The number of women working in technology roles in the UK continues to lag behind men, with a report last year by the Office of National Statistics (ONS) finding that women made up just 31% of the workforce; but this is why it’s important to celebrate women who have pivoted into tech.
This can be attributed to a popular misconception that to get a job in the STEM (Science, Technology, Engineering and Mathematics) sector, you have to have a background in computer science or a masters in a STEM subject. This assumption holds many women back from even considering a tech career.
A career in tech can be a financially lucrative one for women. In fact, research from Amazon and WISE found that women working in innovation roles earn £11,000 more per year on average compared to other careers. The same study found that over half of all women working in STEM careers said pursuing a career in innovation gave them a feeling of self-achievement (59%), the opportunity to do exciting work (56%) and set the foundations for positive career development (56%).
Refusing to let perceptions get in their way, they now have flourishing tech careers with Amazon to show for it. Here’s their advice for others:
Christelle Maignan is a multilingual Knowledge Engineer at Amazon Alexa. There, she works alongside machine learning scientists and software engineers to build the technology that powers Alexa’s ability to speak multiple languages. Prior to joining Amazon, her background was in languages and intercultural studies. She had a 20-year-long career in translation, including 14 years as a freelance translator.
Over the past 4 years, she has trained in some technical skills at Amazon, and gone from French Language Expert to multilingual Knowledge Engineer, specialising in Natural Language Understanding and Natural Language Generation. “I was so surprised that the tech industry would be interested in someone like me. I was 42 then, with no technical background. What I did have was a set of skills that I’d never have thought to put on my CV, like problem-solving, being analytical, pragmatism and strong reasoning and logic.
“Those non-technical skills which I already had, are sought after in the tech industry. If you’d like to transition to a more technical role, but don’t have a technical background, think about the non-technical skills that you’ve acquired over the years. What are you good at? And who in tech could be looking for this?
“You could start developing technical skills right away, to prepare for a transition. Numerous courses are available online for useful skills, like learning how to code in Python or other programming languages. The best way to find out what skills tech recruiters are looking for is to look at job adverts and job descriptions. It will help you to identify your skill gaps.”
Lauren Kisser, another member of the Amazon Alexa team, has also had an interesting journey into tech. She studied public relations at university in America, but soon after finishing, her interest in technology was piqued, “When I graduated college, the commercial aspects of the Internet were just taking off and the dotcom boom was underway. The day-to-day problems were interesting and the money was good”.
After getting her first job at America Online, she realised that she needed more digital skills, and undertook night classes in information systems and computer networking.
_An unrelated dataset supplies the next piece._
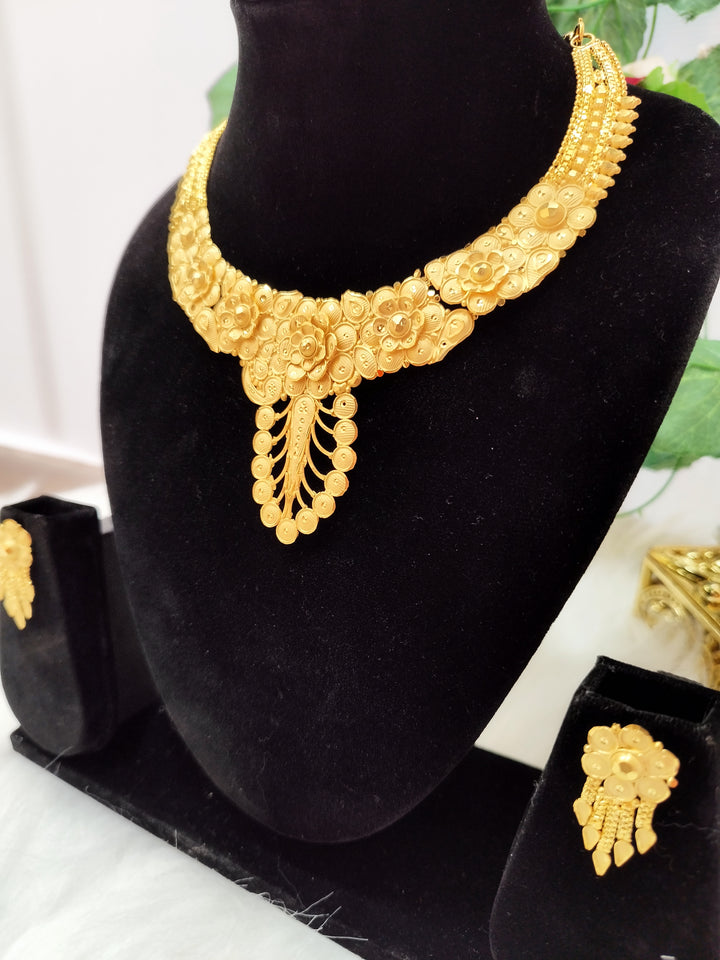 Perfect Fit(Gold Plated Necklace Set)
From there, she landed a job as an IT technician. Still wanting to pursue her education, she went on to gain a Master of Science in Information Technology and a Master of Business Administration from the University of Denver. Through on the job training and some great mentorship, her career grew, and she is now the Director of Alexa AI at Amazon’s Cambridge Development Centre. “I mentor many young women at varying stages of their career, as I’ve had great mentors that have helped me to get to where I am today. One of the most rewarding things I do is to be a role model for young girls and women. I know that having a relatable role model is a key enabler for girls to follow a career in technology.
“Here’s what I recommend to women wanting a career in tech; keep learning and make the effort to upskill yourself through work schemes or in your own time. Next, plan your career and look at where you want to end up and think about your next step in terms of achieving that goal. Finally, apply! Industry research shows women tend only to apply when they meet all the criteria, while men may feel they only need to meet some of the criteria. If you don’t ask, you won’t get.”
Beth Holmes originally started out in academia. She completed a PhD in Group Theory, a branch of maths, in 2001, and went on to apply for academic roles. After giving birth, and a series of academic research fellowships, she decided to join a start-up, as she felt they were more likely to offer her flexible hours and the ability to work from home. “The tech sector has allowed me to have a career that was far more flexible than other paths, something I needed when finishing my last fellowship with two dependents relying on me.”
At first, she didn’t find much relation between the job and academia, except the ability to type and the importance of being a self-starter with a strong work ethic. She began with simple data entry and worked her way up until eventually, she was at the stage where she could lead a team of Knowledge Engineers. After a while, the company was acquired by Amazon, and she carried on up the ladder to become a Principal Knowledge Engineer.
Reflecting back, she believes that some of her previous skills from academia have been transferrable. She was well prepared for Amazon’s particular culture of document-writing and the self-starter mentality, while her teaching experience was useful for training up staff. “If people are willing to take a chance on you, and you’re willing to learn, then there’s no reason you can’t pivot to succeed in tech, using previously acquired skills.”
From linguistics to PR, to academia, the common denominator for these women succeeding in tech isn’t their background or education, but a willingness to take a chance in a new career and to push themselves.